• **Action item**: Only the lines from the one bearing "ANN TAYLOR Black Sleeveless Peplum Top" through the end of the entries should be output, exactly as they stand, and pictures should be skipped.

(Data extracted from a collection)
━━━━━━━━━━

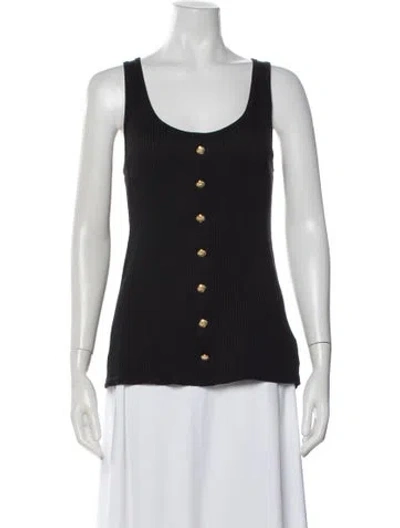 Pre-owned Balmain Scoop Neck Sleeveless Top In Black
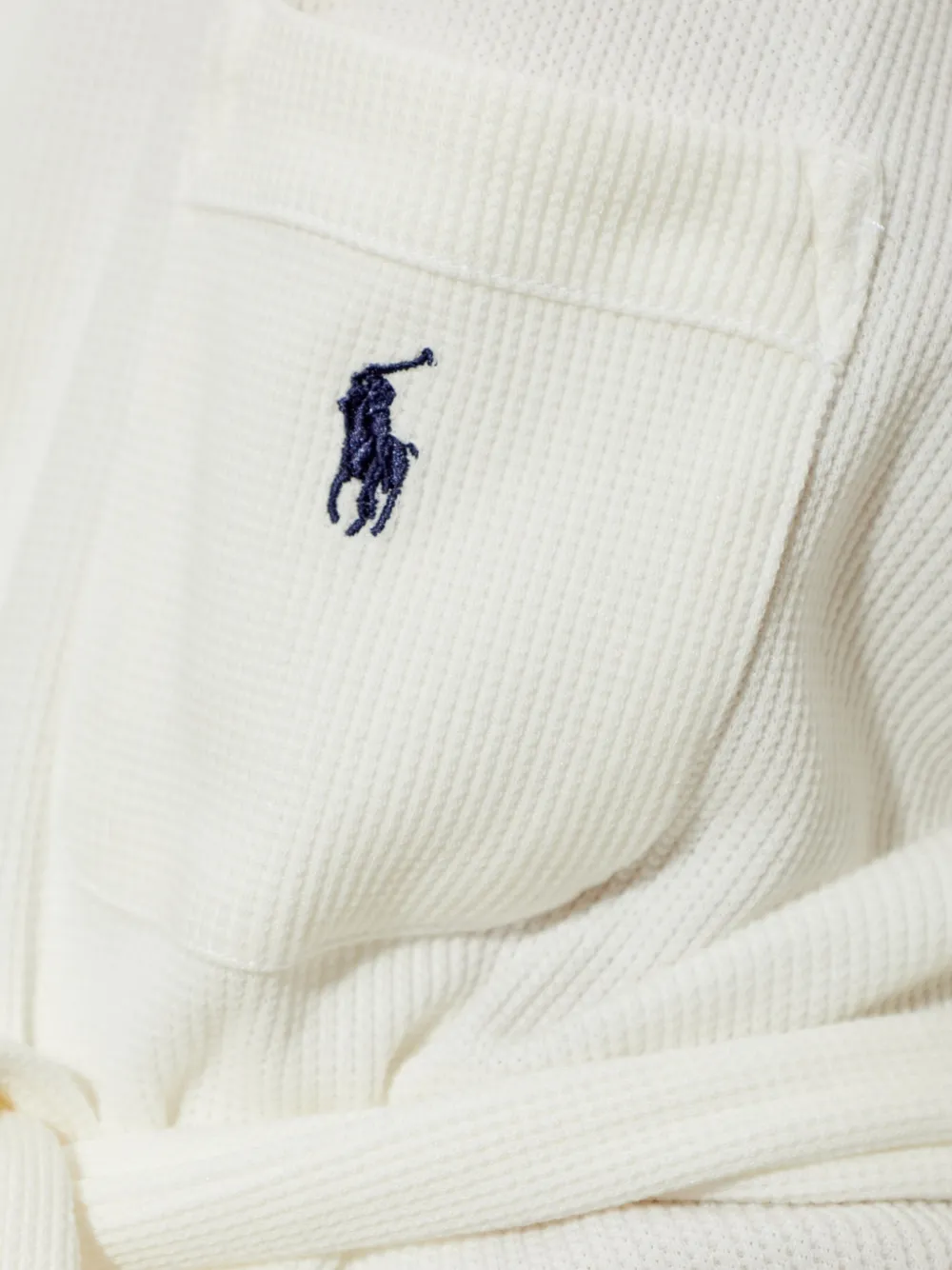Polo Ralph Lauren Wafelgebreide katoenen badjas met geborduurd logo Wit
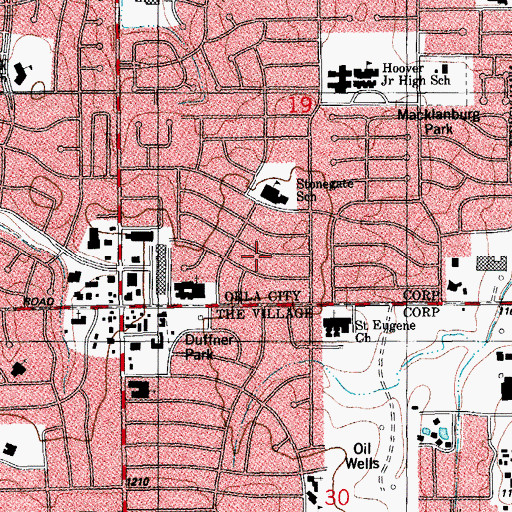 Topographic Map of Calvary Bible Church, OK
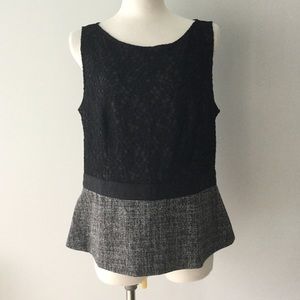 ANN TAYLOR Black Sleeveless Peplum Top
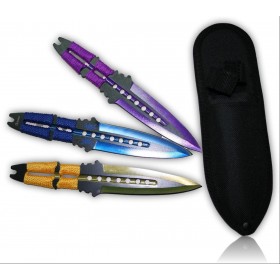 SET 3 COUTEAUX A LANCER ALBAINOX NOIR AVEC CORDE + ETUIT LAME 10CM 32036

━━━━━━━━━━

• **Response to this task**:
 ANN TAYLOR Black Sleeveless Peplum Top
 SET 3 COUTEAUX A LANCER ALBAINOX NOIR AVEC CORDE + ETUIT LAME 10CM 32036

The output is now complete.